Work request: Starting at the first line of the data, please print exactly those lines through the one that holds "2024 Chevrolet Colorado ZR2", omitting every picture.

Captioned web images:
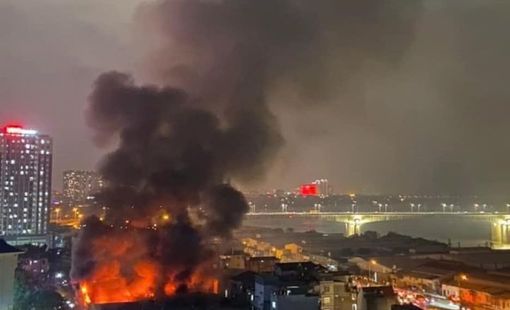 Cháy lớn xuyên đêm gần Trường ĐH Kinh doanh và Công nghệ Hà Nội khiến hàng nghìn sinh viên chuyển học online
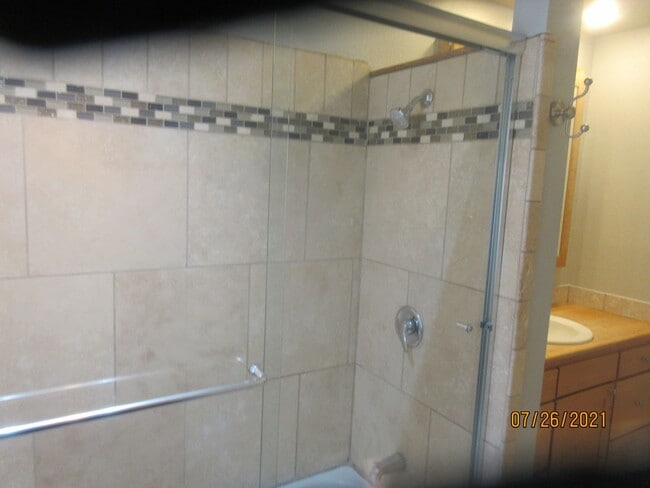 Building Photo - (936) 18th Street Home - 3 Bedroom / 2 Bat...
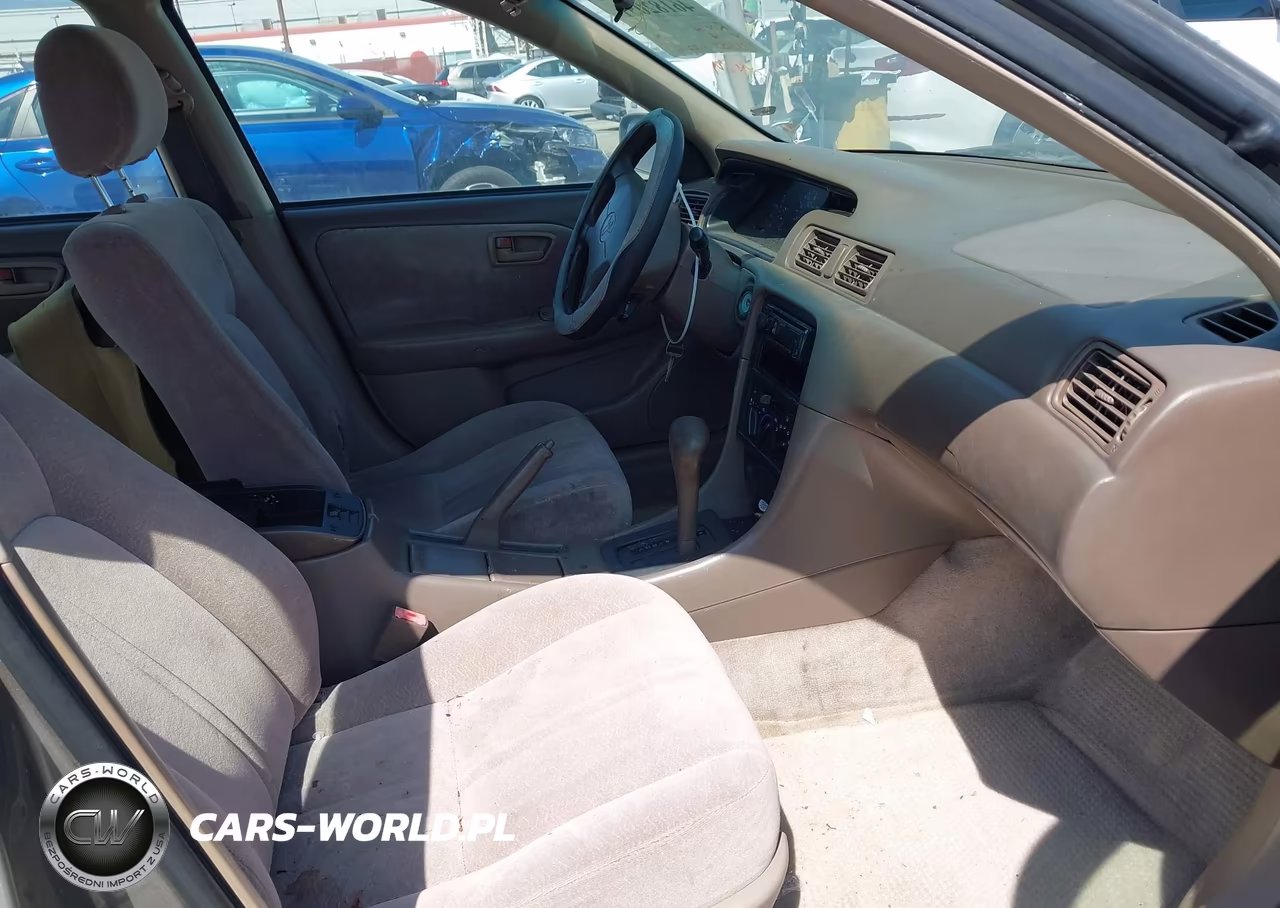 1998 Toyota Camry Le VIN:JT2BG22K6W0128582 - 5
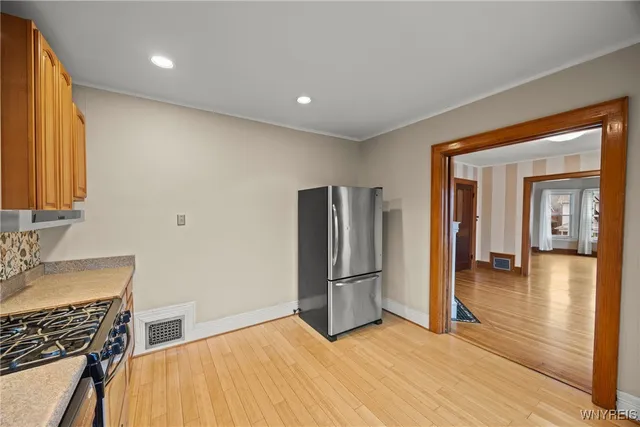 $1,200 | 411 Breckenridge Street, Buffalo, NY 14213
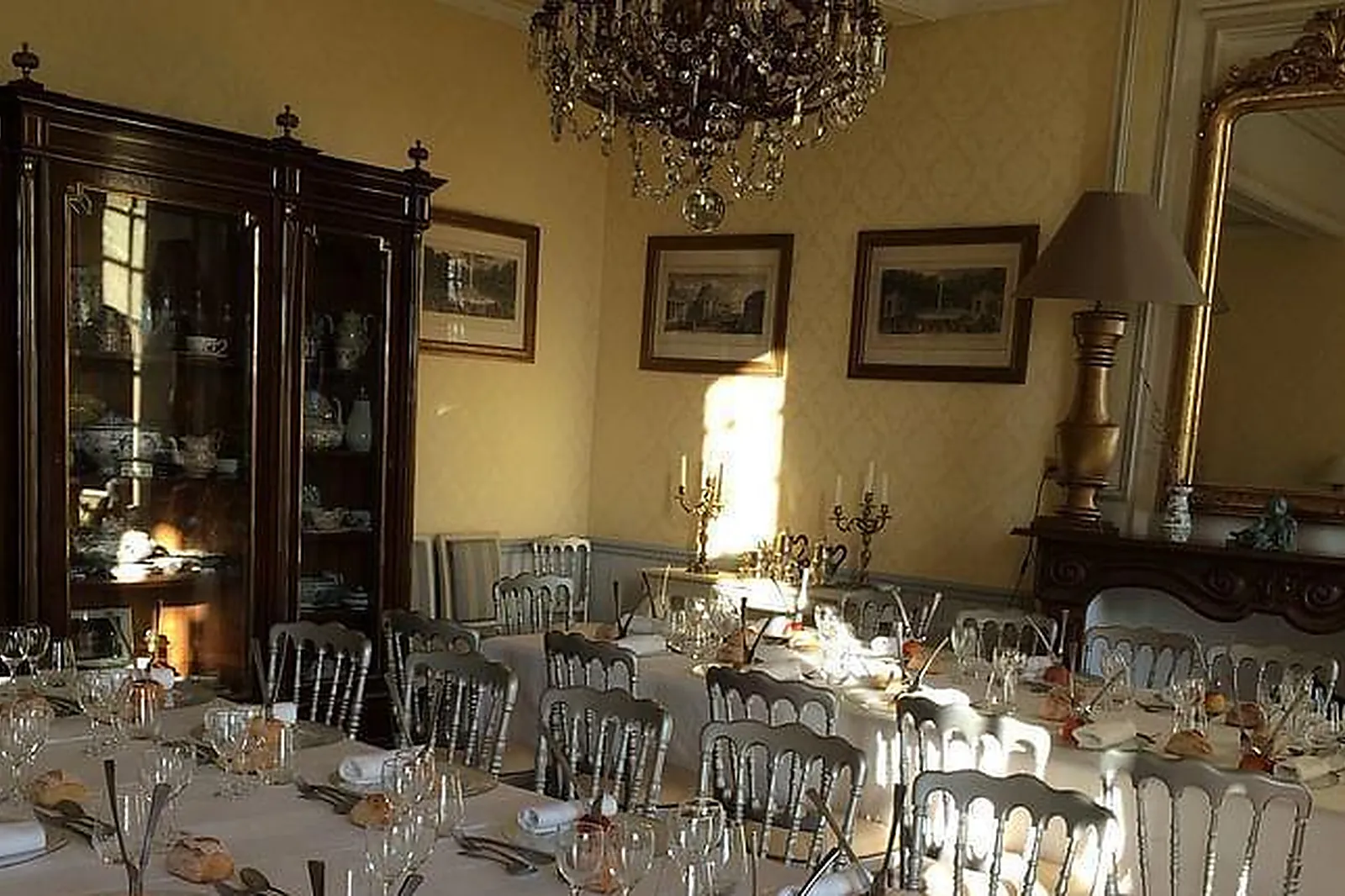 Lieux événementiels, CHÂTEAU D'ISSUS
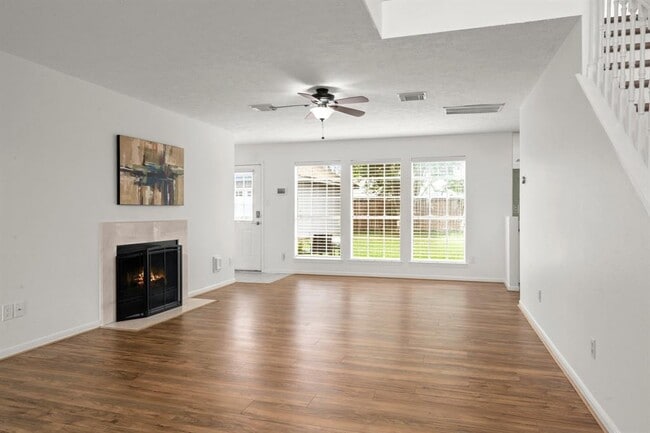 Building Photo - 10206 Jockey Club Dr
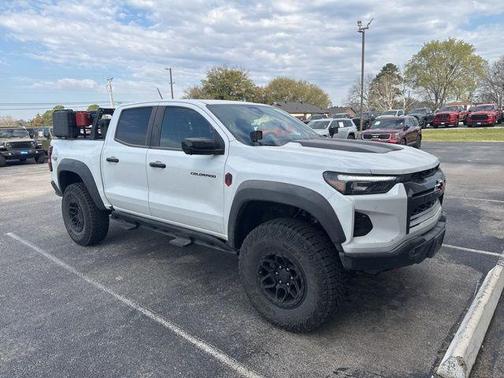2024 Chevrolet Colorado ZR2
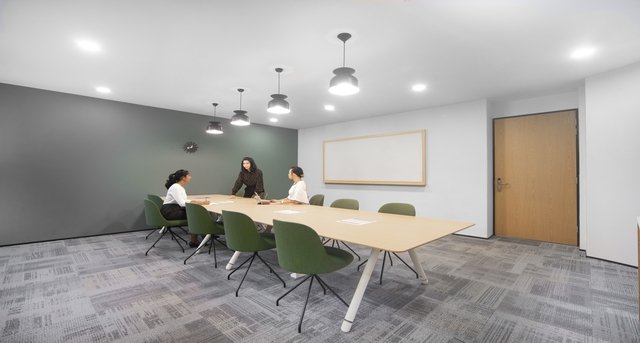 Sewa kantor Standard Chartered Building_7-7
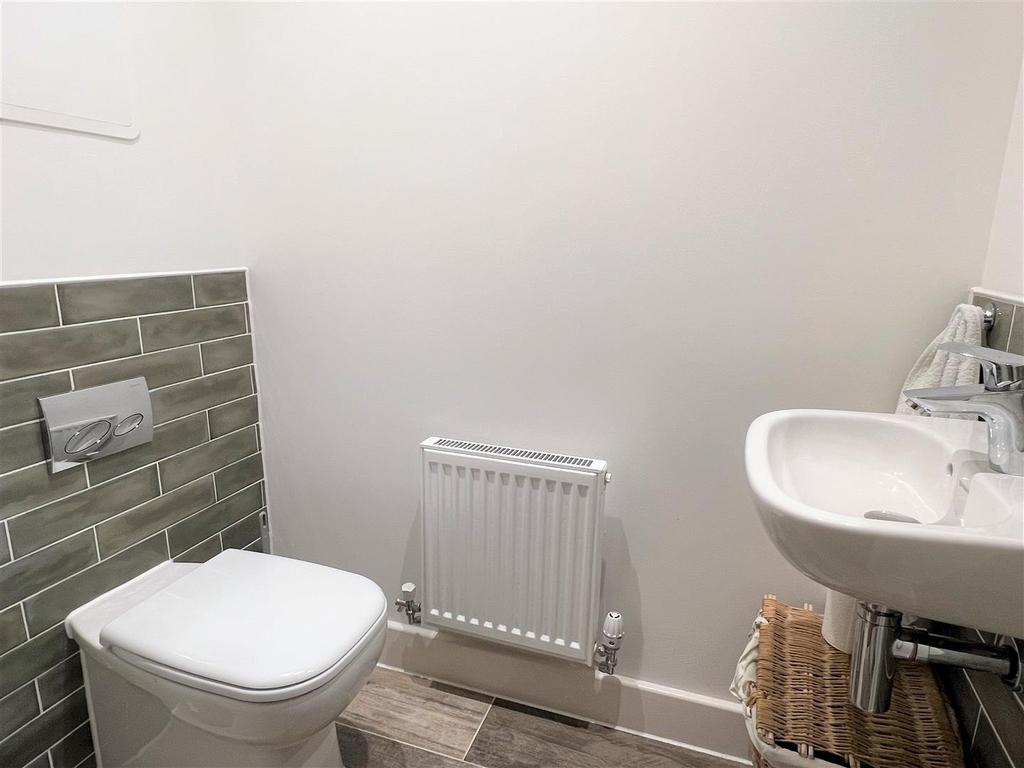 Cloakroom/WC:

Response for this exercise:
 Cháy lớn xuyên đêm gần Trường ĐH Kinh doanh và Công nghệ Hà Nội khiến hàng nghìn sinh viên chuyển học online
 Building Photo - (936) 18th Street Home - 3 Bedroom / 2 Bat...
 1998 Toyota Camry Le VIN:JT2BG22K6W0128582 - 5
 $1,200 | 411 Breckenridge Street, Buffalo, NY 14213
 Lieux événementiels, CHÂTEAU D'ISSUS
 Building Photo - 10206 Jockey Club Dr
2024 Chevrolet Colorado ZR2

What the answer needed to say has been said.